Amilcare Quatrini con la moglie Augusta Marianna Mecarini e (da sinistra) i figli Aldo, Archimede, Azelio e Alba Redenta

Vincenzo Ceniti

Una folla di Quatrini, dal capostipite Giuliano (metà Settecento),  agli ultimi di oggi, a testimonianza di quella quercia fertile e solida, sinonimo di albero della vita, che fa da logo nella copertina cartonata del libro curato da Armando, figlio di Azelio (“Amilcare Quatrini & Figli”, marzo 2021, pp. 284) su una dinastia che ha contribuito a scrivere la storia di Viterbo.

Un racconto  “di carta” -  nutrito di date, nomi, fatti, aneddoti, foto ed altro -  per esaltare  la nobile arte della stampa di cui la nostra città è andata fiera attraverso i secoli.  

E i Quatrini ne furono tra i pionieri a cavallo Otto-Novecento, dal tempo di Amilcare (1872-1929) nipote di Giuliano, che da ragazzo a dieci anni venne assunto dalla tipografia di Giuseppe Agnesotti di via Principessa Margherita (l’attuale via Matteotti) dove imparò mestiere, trucchi e sapienza. Da lui, con la moglie Augusta Marianna Mecarini, (detta Nanna), prese via una vivace figliolanza, nucleo fondante della futura tipografia Quatrini con Aldo, Archimede e Azelio.  Anche loro subito a lavorare in tipografia. I primi due da Agnesotti e il più piccolo Azelio in quella parrocchiale di don Alceste a San Leonardo.  Dopo la parentesi del servizio militare, Aldo e Azelio (andarono anche ad Asmara nel 1937) si misero subito insieme e nel 1940 avviarono una cartoleria in Corso Italia (allora Vittorio Emanuele). 

Poi la guerra e i bombardamenti. Il locale venne raso al suolo, ma risorse con tutta la città, tanto che nel 1947 la cartoleria venne riaperta con arredi moderni e funzionali, alla pari delle altre tre attive in città: Buffetti (davanti  al Caffè Schenardi), Montanari (in via dell’Orologio Vecchio) e Bevilacqua (in via Saffi). Ma l’obiettivo restava la creazione di una tipografia di famiglia. 

L’occasione venne offerta loro proprio in quegli anni Quaranta da don Alceste che stava dismettendo i macchinari della tipografia parrocchiale di San Leonardo, acquistati dai Quatrini e sistemati nei locali di via Card. La Fontaine aperti nel 1947. L’anno dopo verrà ricordato per la stampa del libro “Rosa” (dedicato  alla patrona viterbese) che darà un segnale editoriale chiaro sul taglio delle future collane editoriali.  Seguirono  vari trasferimenti di locali, in funzione di nuovi riassetti aziendali che videro protagonisti soprattutto i figli di Archimede, Mario, Gabriele e Igino. Prima in Corso Italia (angolo via della Sapienza) e successivamente in viale Trieste, in via Santa Lucia e attualmente in via dell’Artigianato. 

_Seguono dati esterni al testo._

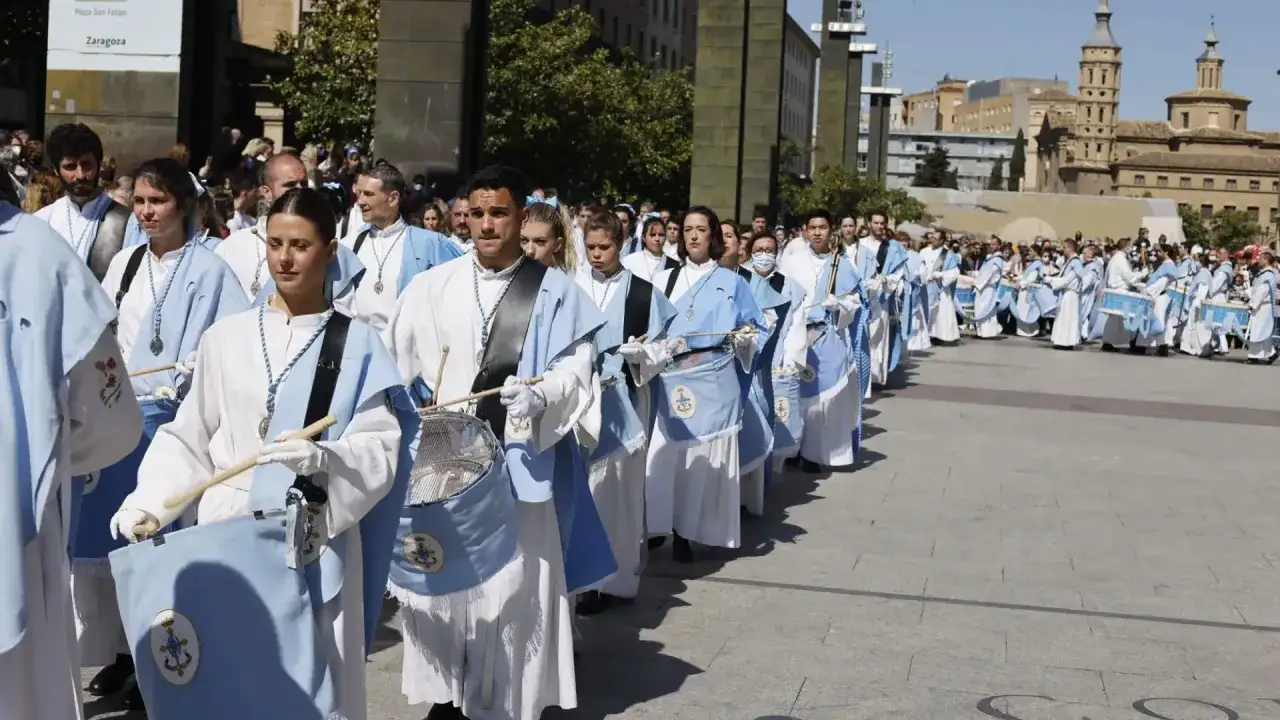 Procesión de tambores en Zaragoza, domingo de resurrección.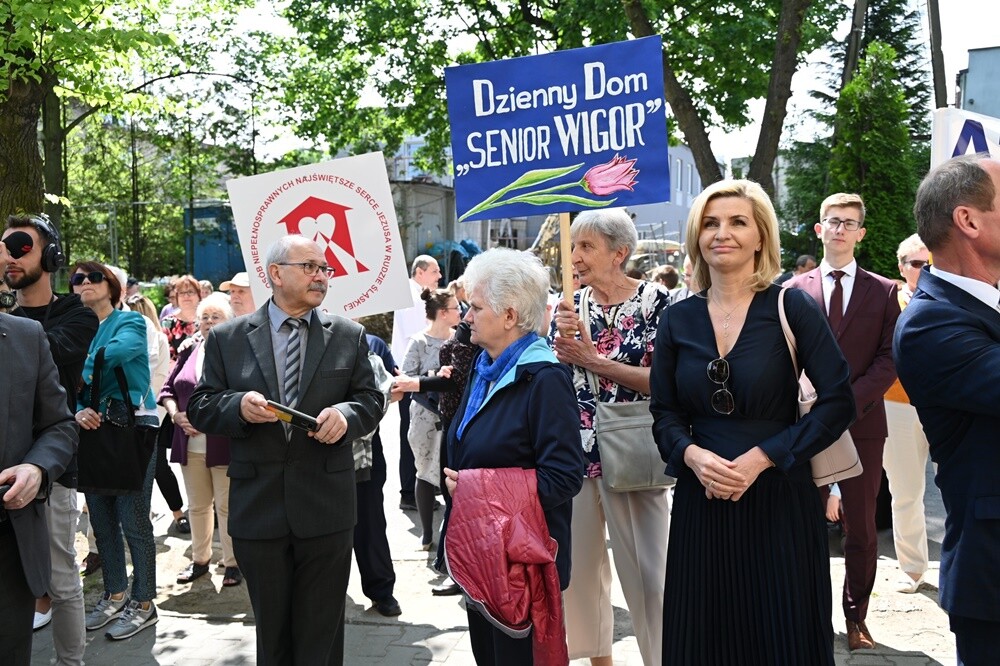 Mszą świętą, przemarszem i uroczystym przekazaniem klucza do bram Rudy Śląskiej rozpoczęliśmy dzisiaj XIX Tydzień Godności Osób z Niepełnosprawnościami.

fot. UM Ruda Śląska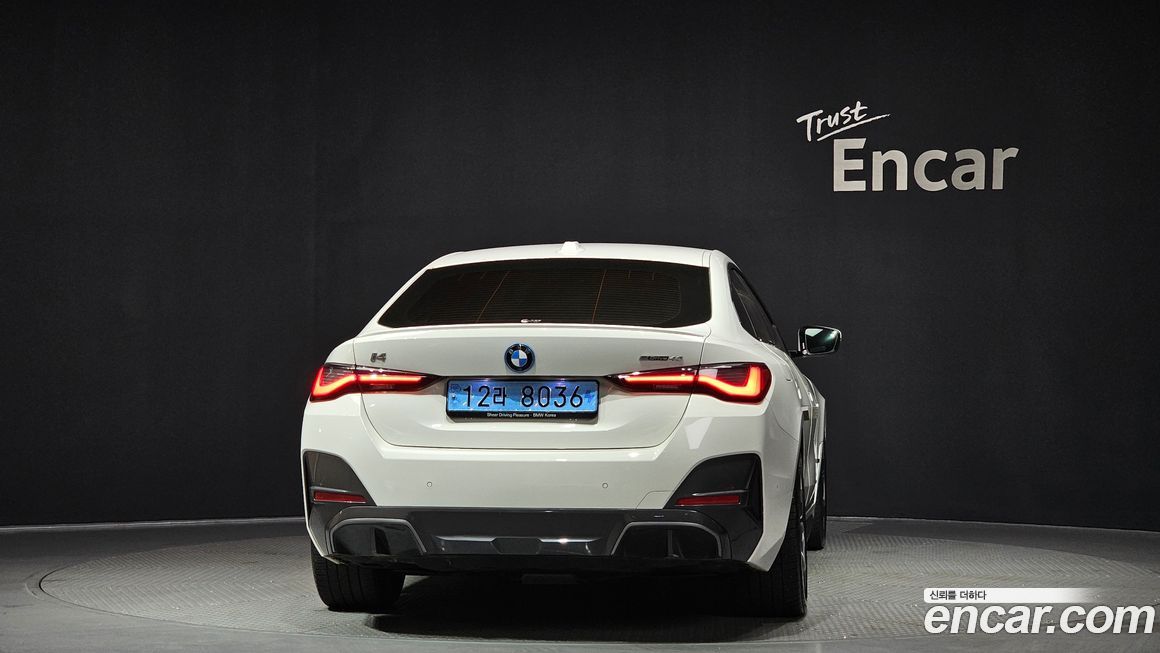 BMW i4 2024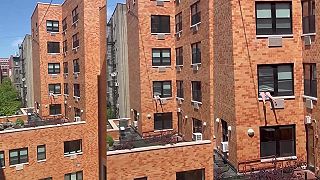 Nemám balkón, tak si aspoň opálim takto nohy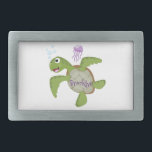 Niedliche Darstellung der Meeresschildkröte "Happy Rechteckige Gürtelschnalle<br><div class="desc">Diese glückliche grüne Meeresschildkröte bläst Blasen! Gezeichnet im niedlichen Cartoon-Illustrationsstil.</div>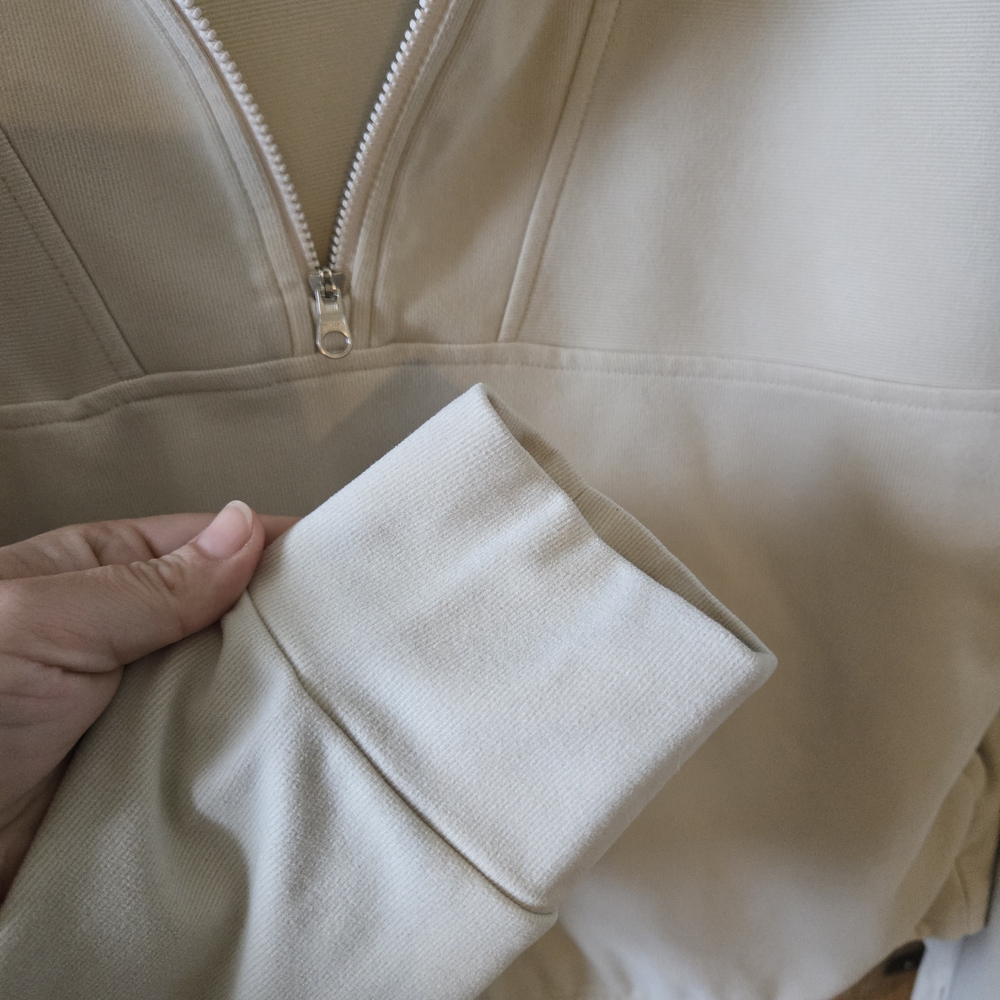 Varley Off-White Quarter-Zip Top - Picture 7 of 11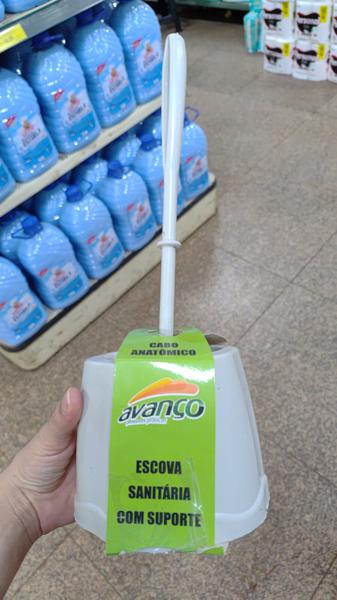 ESCOVA SANITARIA  AVANÇO COM SUPORTE
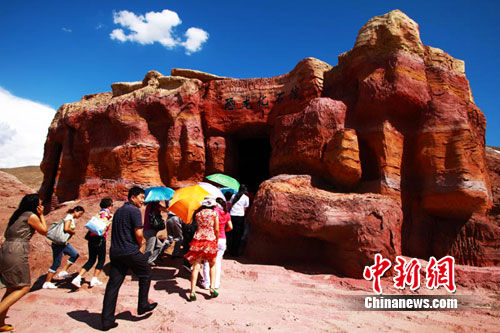 新疆奇台恐龙沟化石奇观吸引诸多游客参观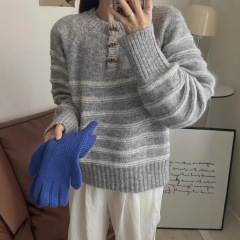 设计感牛角扣套头毛衣女秋冬新款韩系宽松慵懒复古条纹针织衫上衣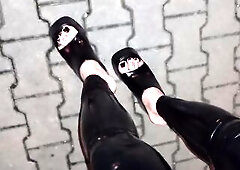 Look at my shiny ebony polished toes with cute little toe rings peeking without those ridiculously high platform mules... I'm walking the darksom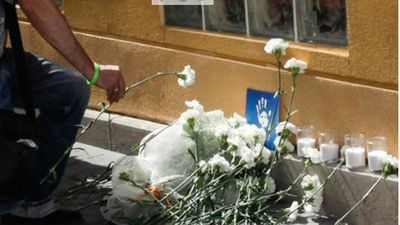 Prenden fuego a la ofrenda del homenaje a Miguel Angel Blanco en Getafe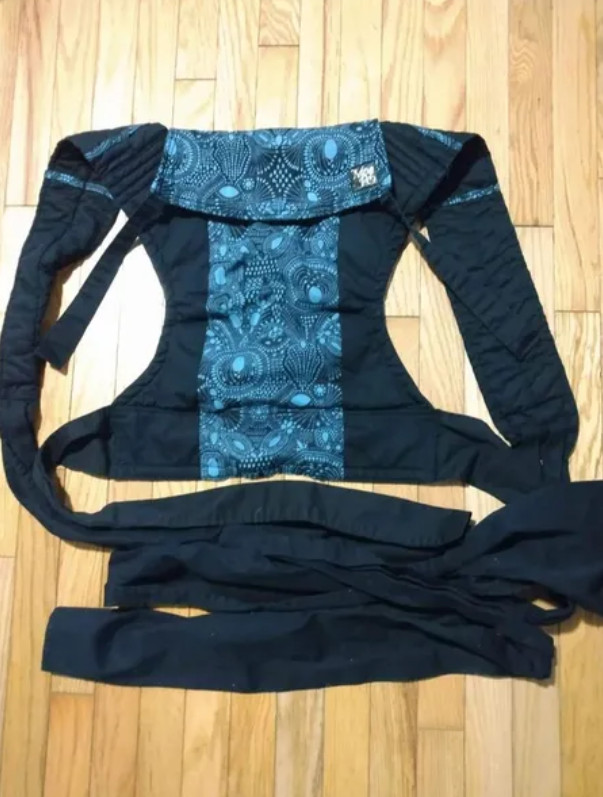 Moa Pô Baby wrap Carrier for infants in Strollers, Carriers & Car Seats in Bridgewater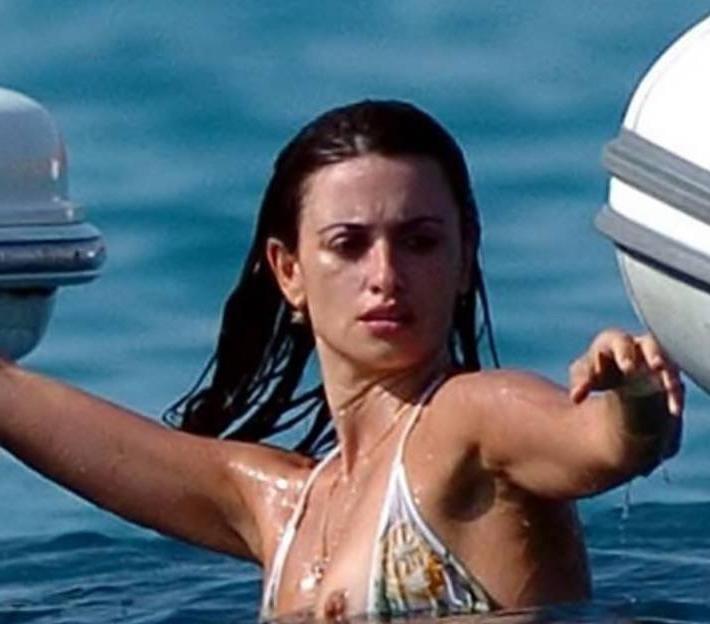 16P hollywood actress penelope cruz nipple slip and topless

Per ragioni di lavoro presso l’Ente Provinciale per il Turismo, iniziai a frequentare la tipografia nel 1973 (anno del primo numero della rivista Tuscia), quando operava in viale Trieste. Inizialmente con impianti di vecchia generazione (tipo linotype), poi con le nuove tecnologie legate all’offset. Dopo la morte di Archimede nel 1976 la ripartizione del lavoro tra i figli avvenne quasi automaticamente. Mario alla stampa e al modulo continuo, Igino alla composizione-impaginazione (curava anche un piccolo orto dietro il capannone) e Gabriele all’amministrazione. 

Ricordo Archimede come un padre saggio e tranquillo, un uomo d’altri tempi, lavoratore, burbero, buono, con la fortuna inestimabile di lavorare in famiglia coi figli, alle prese con un mestiere che aveva sempre amato. Non si scomponeva mai, neanche quando mangiai distrattamente l’unica pesca di un alberello che curava con amore e teneva come una reliquia presso l’ingresso della tipografia. “A ba’ – disse Mario – s’è mangiato la pesca” . Archimede non disse nulla, ero un cliente e non poteva fare altrimenti. Però mi puntò addosso due occhioni acquosi e severi. E’ l’immagine più cara che mi resta di lui.